EXERCISE OBJECTIVE -
Please repeat only the lines below starting at the line that holds "雁荡山狮子山五马尖筋竹涧拱桥" and ending at the line that holds "Felpa trekking uomo", exactly, with both of those lines included and every picture omitted.
══ DATA EXTRACTS ══
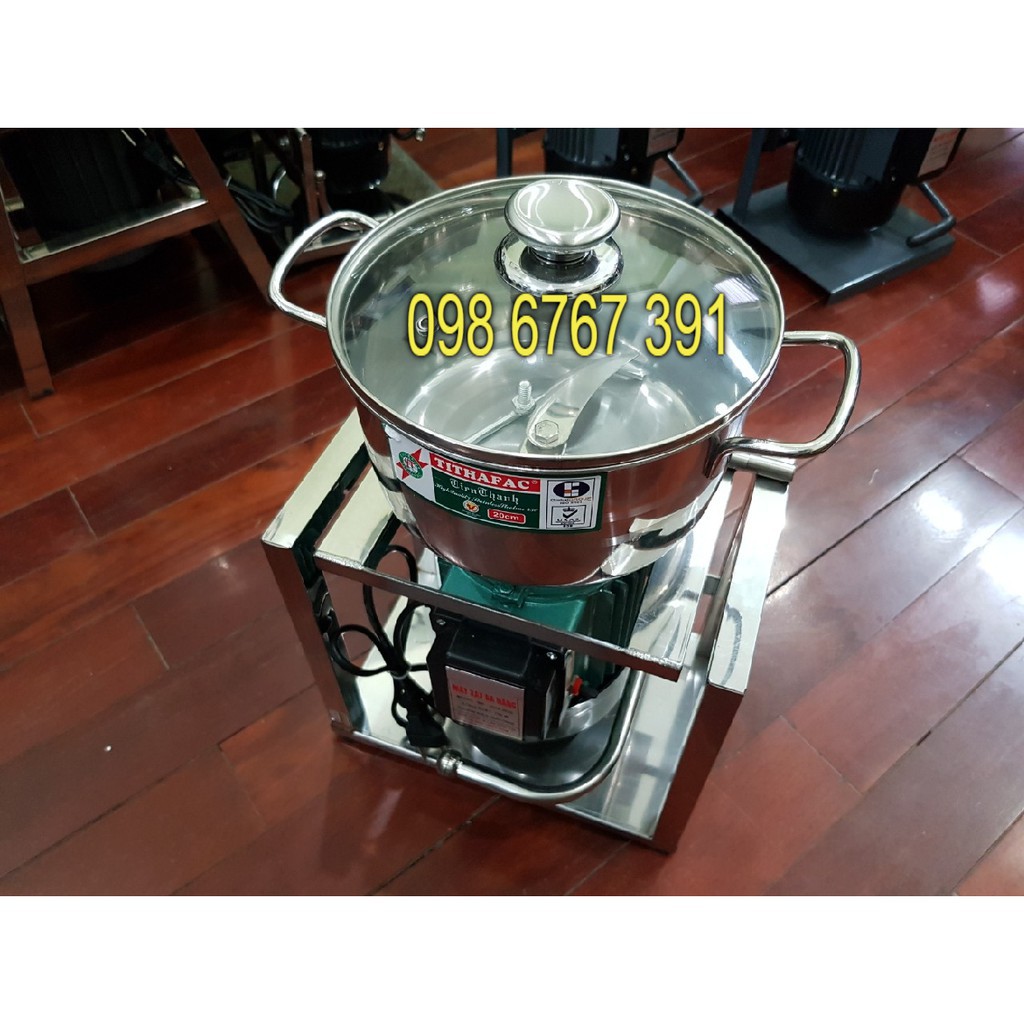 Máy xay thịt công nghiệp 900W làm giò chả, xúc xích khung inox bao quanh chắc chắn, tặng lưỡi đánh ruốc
═══
══ DATA EXTRACTS ══
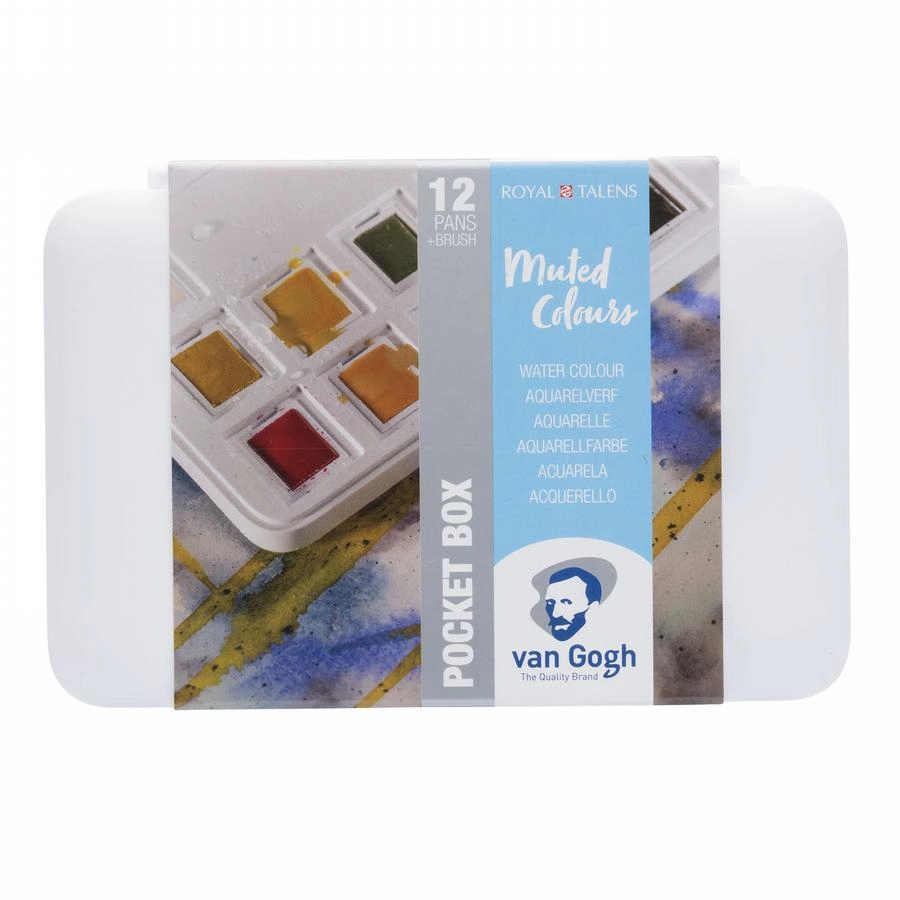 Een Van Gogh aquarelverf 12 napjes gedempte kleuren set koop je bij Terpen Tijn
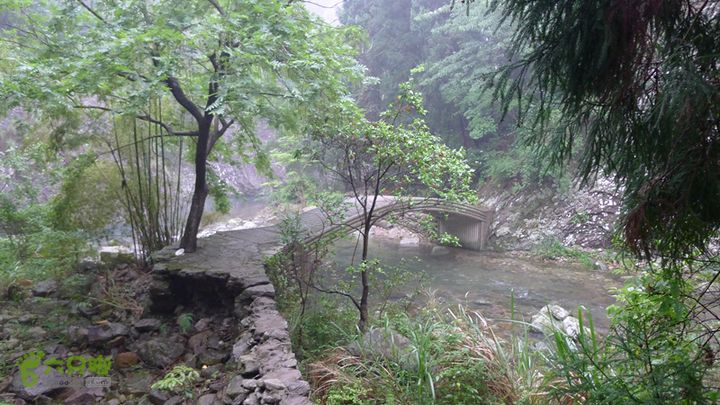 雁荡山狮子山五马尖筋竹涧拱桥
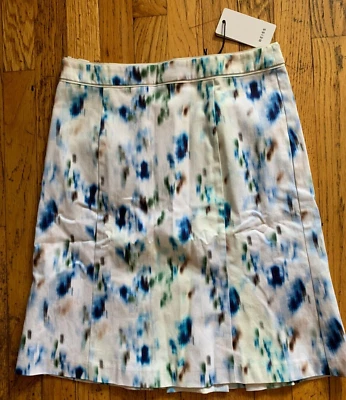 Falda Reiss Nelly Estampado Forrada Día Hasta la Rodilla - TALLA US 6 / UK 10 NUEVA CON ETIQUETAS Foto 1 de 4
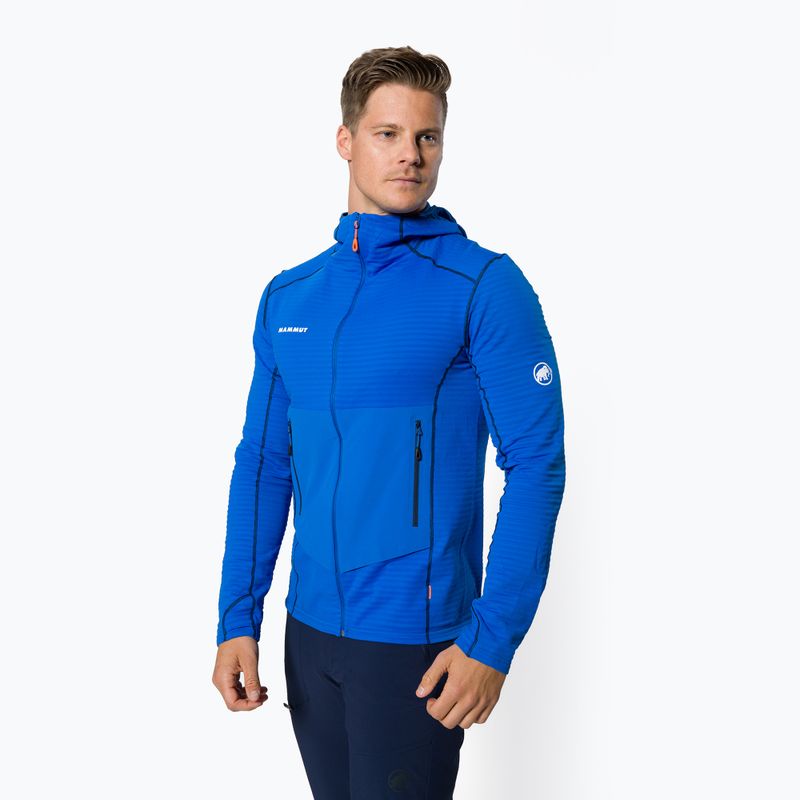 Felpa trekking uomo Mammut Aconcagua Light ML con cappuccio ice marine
═══
══ DATA EXTRACTS ══
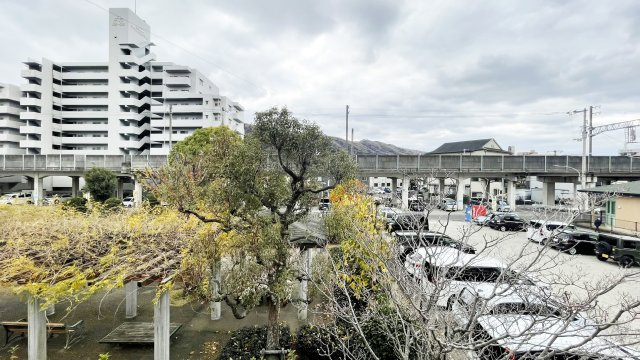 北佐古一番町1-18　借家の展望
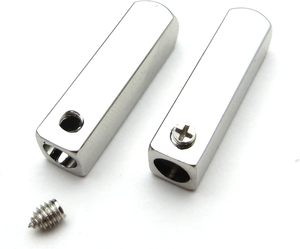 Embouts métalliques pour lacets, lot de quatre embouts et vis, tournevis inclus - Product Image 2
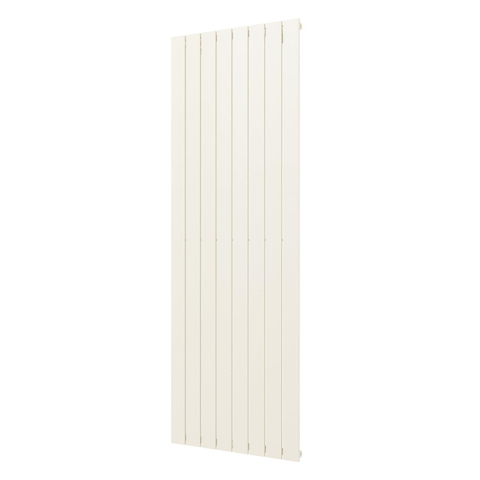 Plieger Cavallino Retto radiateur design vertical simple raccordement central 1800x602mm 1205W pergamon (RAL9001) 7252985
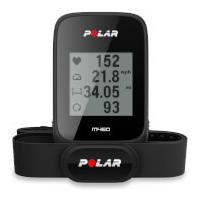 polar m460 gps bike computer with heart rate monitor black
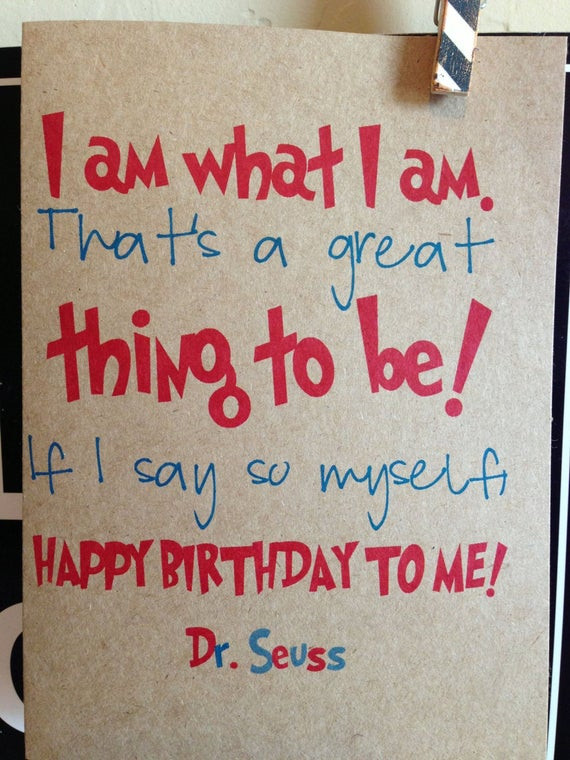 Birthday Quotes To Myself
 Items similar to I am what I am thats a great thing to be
═══
RESPONSE TO THE TASK -
 雁荡山狮子山五马尖筋竹涧拱桥
 Falda Reiss Nelly Estampado Forrada Día Hasta la Rodilla - TALLA US 6 / UK 10 NUEVA CON ETIQUETAS Foto 1 de 4
 Felpa trekking uomo Mammut Aconcagua Light ML con cappuccio ice marine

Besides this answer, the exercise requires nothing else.